À l’approche d’un vote du Parlement sur des modifications de la législation visant à restreindre encore la liberté d’association, notamment le travail des organisations non gouvernementales (ONG), au Kirghizistan, Heather McGill, chercheuse sur l’Asie centrale à Amnesty International, a déclaré :

« Ces modifications constituent une menace très grave pour la société civile du Kirghizistan, qui était jusqu’à présent l’une des plus actives dans cette région du monde. Elles sont contraires à l’obligation qui incombe aux autorités du pays, en vertu du droit international relatif aux droits humains, de protéger et de faciliter l’exercice du droit à la liberté d’association, et ont été dénoncées par la société civile kirghize et plusieurs experts internationaux. »

Les modifications proposées prévoient notamment des peines allant jusqu’à 10 ans d’emprisonnement pour les militant·e·s de la société civile qui participent à la création, aux activités ou à la promotion d’une ONG ou d’une entité d’une ONG étrangère si les autorités constatent que cette organisation se rend coupable d’« incitation de citoyens à refuser d’accomplir leurs devoirs civiques ou à commettre d’autres actions illégales » – une infraction définie en termes vagues.

Elles établissent en outre la désignation obligatoire en tant que « représentant étranger » pour les ONG recevant des fonds depuis un autre pays, ainsi qu’une nouvelle catégorie, « ONG étrangère », assortie d’obligations déclaratives contraignantes.

Aux termes de la nouvelle législation, les autorités pourraient suspendre les activités d’une ONG pendant six mois sans aucune décision de justice, ou la radier si elle ne s’enregistre pas comme « représentant étranger ». Dans la plupart des cas, cela aboutirait concrètement à la fermeture de cette organisation.

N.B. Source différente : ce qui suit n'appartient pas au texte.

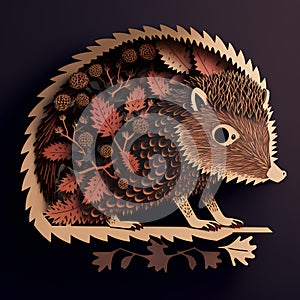 Hedgehog illustration woodcut style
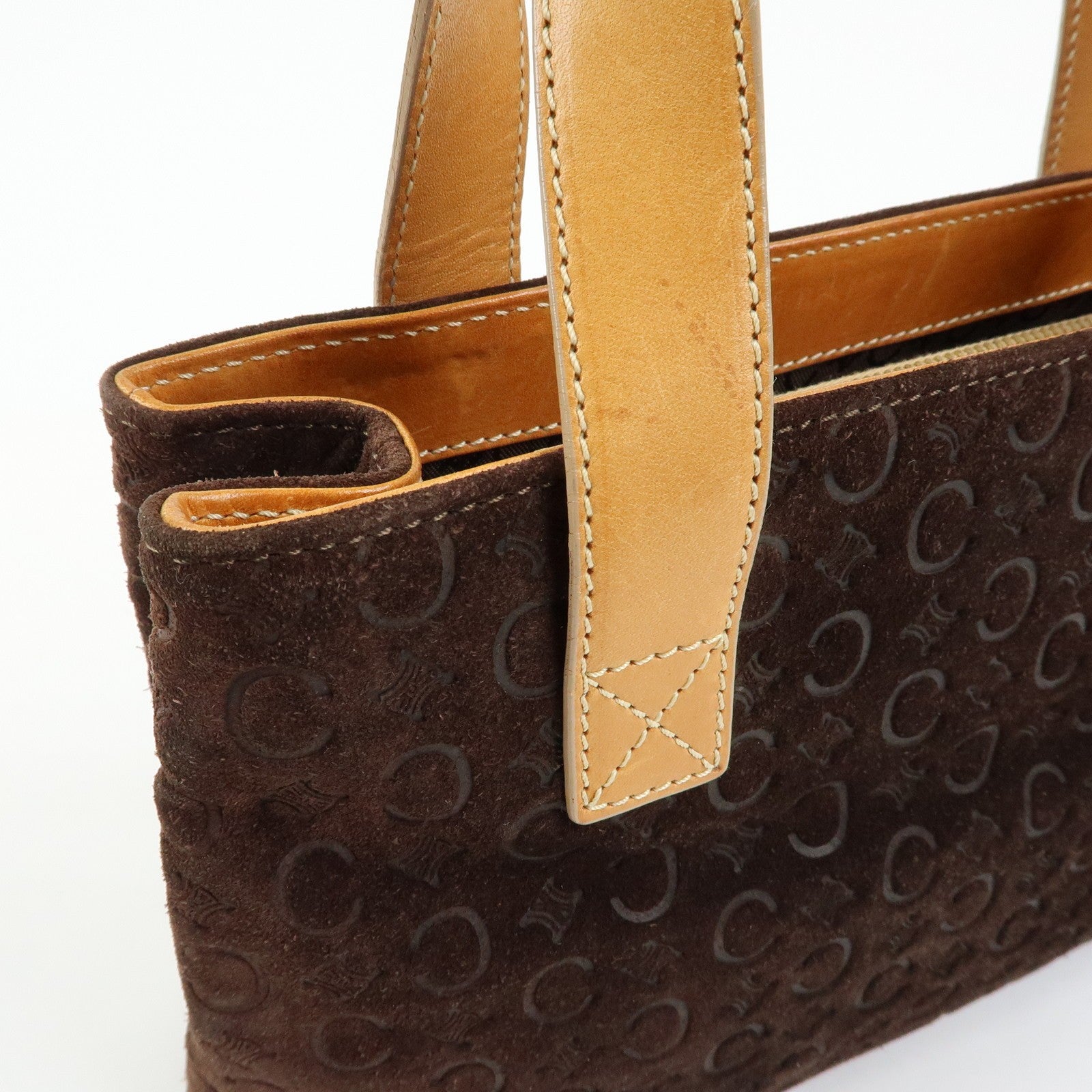 Celine C Macadam Hand Bag - Dark Brown, Suede Leather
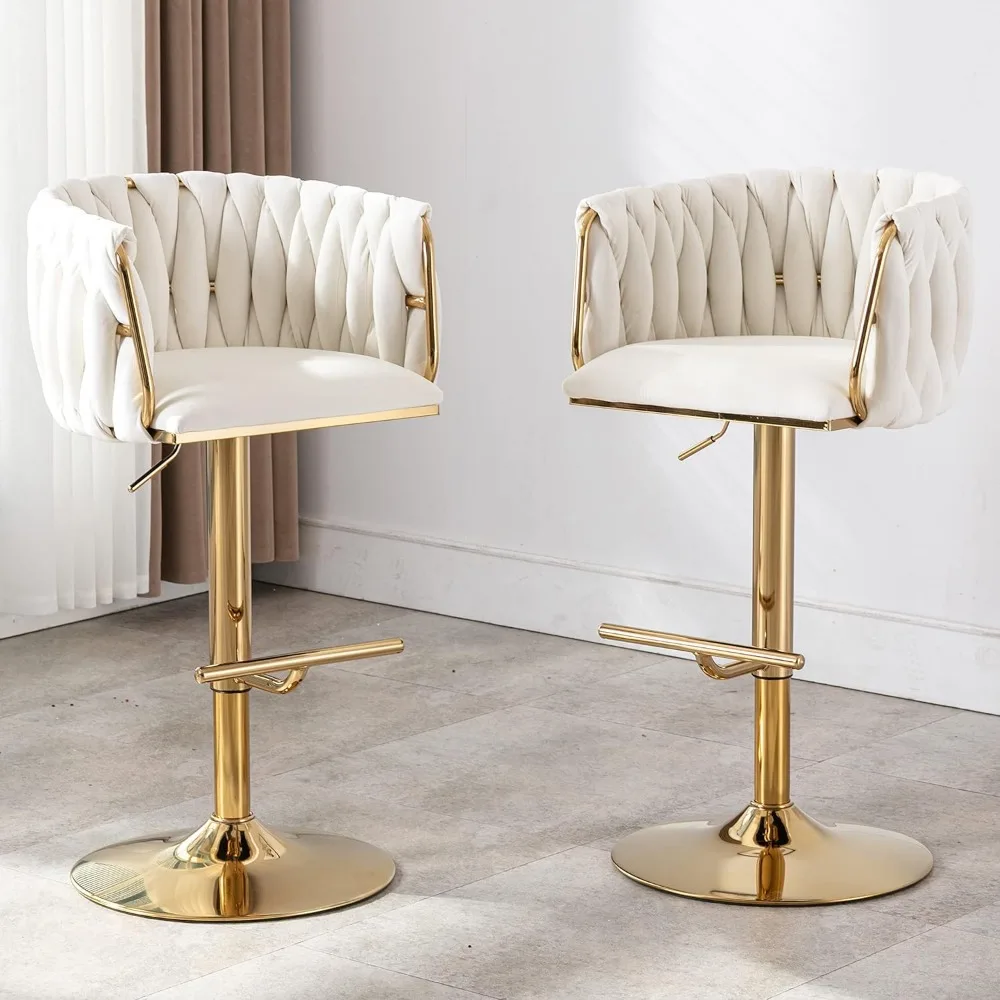 Taburetes de Bar giratorios modernos, taburete de Bar de altura ajustable de terciopelo con respaldo de barril, silla de Bar para mostrador de isla de cocina wi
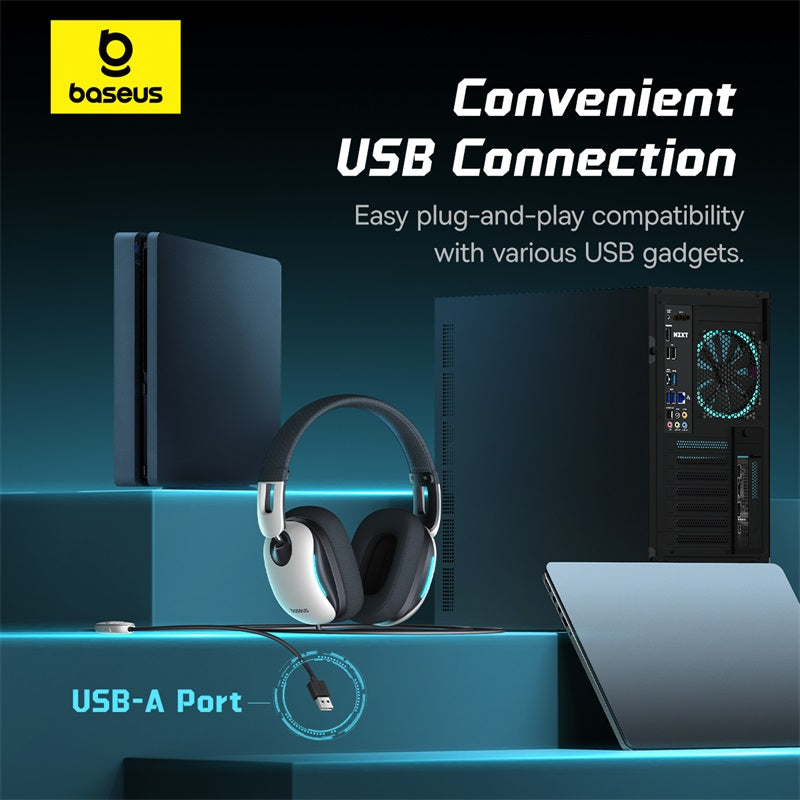 Baseus product with USB connection features on a dark background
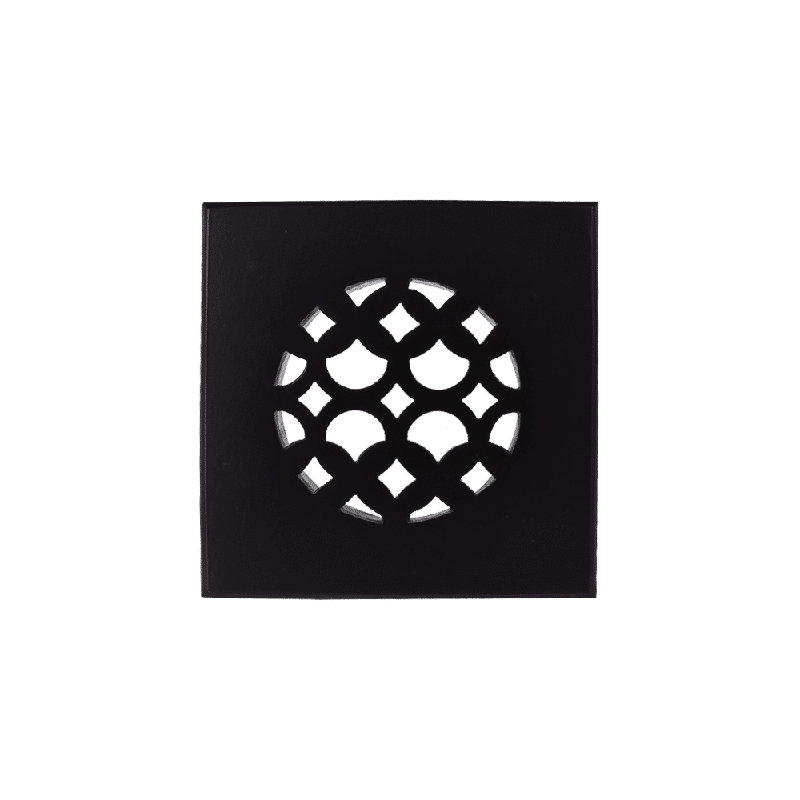 Couvercle d'évent en fonte d'aluminium, plaque frontale carrée 5,5 x 5,5, gril rond de 4 po, VR100, Blanc, 6" L x 6" W x 6" H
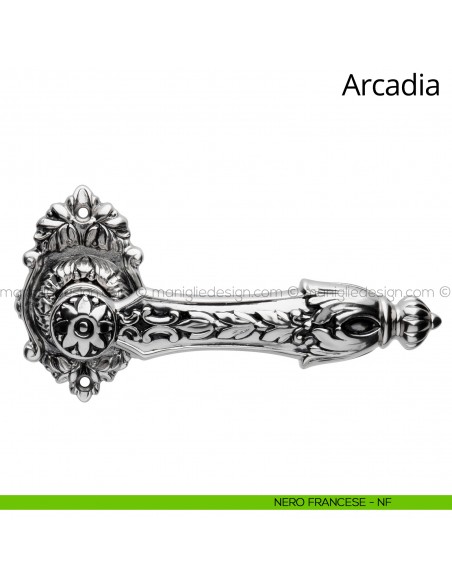 Maniglia per porta interna Arcadia Linea Calì rosetta ovale nero francese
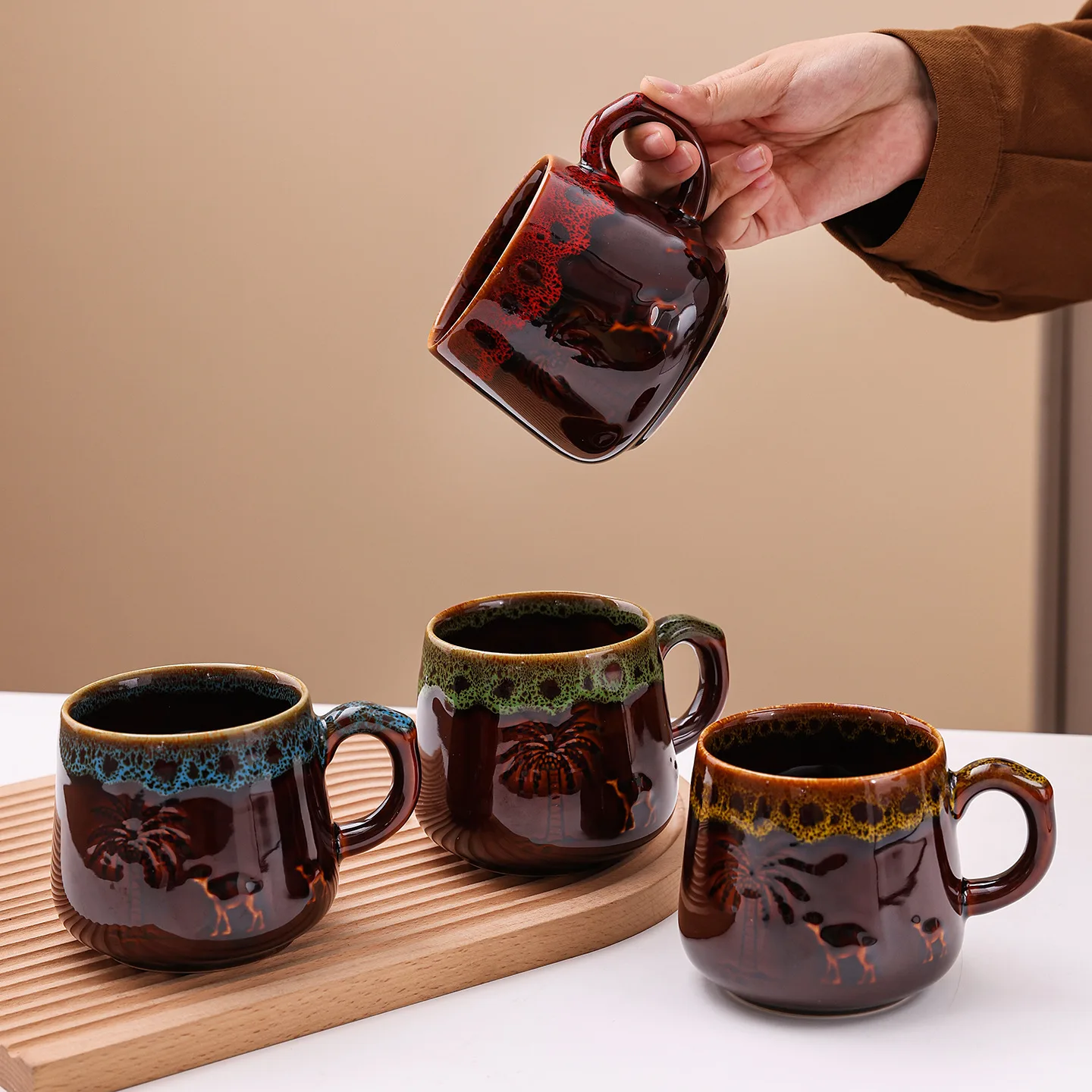 Retro Kiln Changed Ceramic Camel Coffee Mug Creative Desert Pattern Drinking Cup Souvenir Gift Household Daily Tableware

Le ministère de la Justice aurait par ailleurs le pouvoir d’interdire à des ONG d’envoyer de l’argent à certaines organisations qui, selon les autorités, « nuisent » aux intérêts du pays.

« Comme nous l’avons observé dans d’autres pays de la région, la qualification en tant que “représentant étranger” a un grave impact sur le travail des ONG car elle impose une surveillance accrue de leur travail par les autorités et stigmatise leurs activités, ce qui les expose à des attaques », a déclaré Heather McGill.

Enfin, les modifications proposées constituent une discrimination à l’égard des personnes étrangères, apatrides ou souffrant de troubles psychosociaux car elles leur interdisent d’enregistrer des ONG, ce qui les prive de leurs droits civiques.

Ces modifications, présentées au milieu du mois de mai, devraient être examinées par le Parlement dans les prochains jours.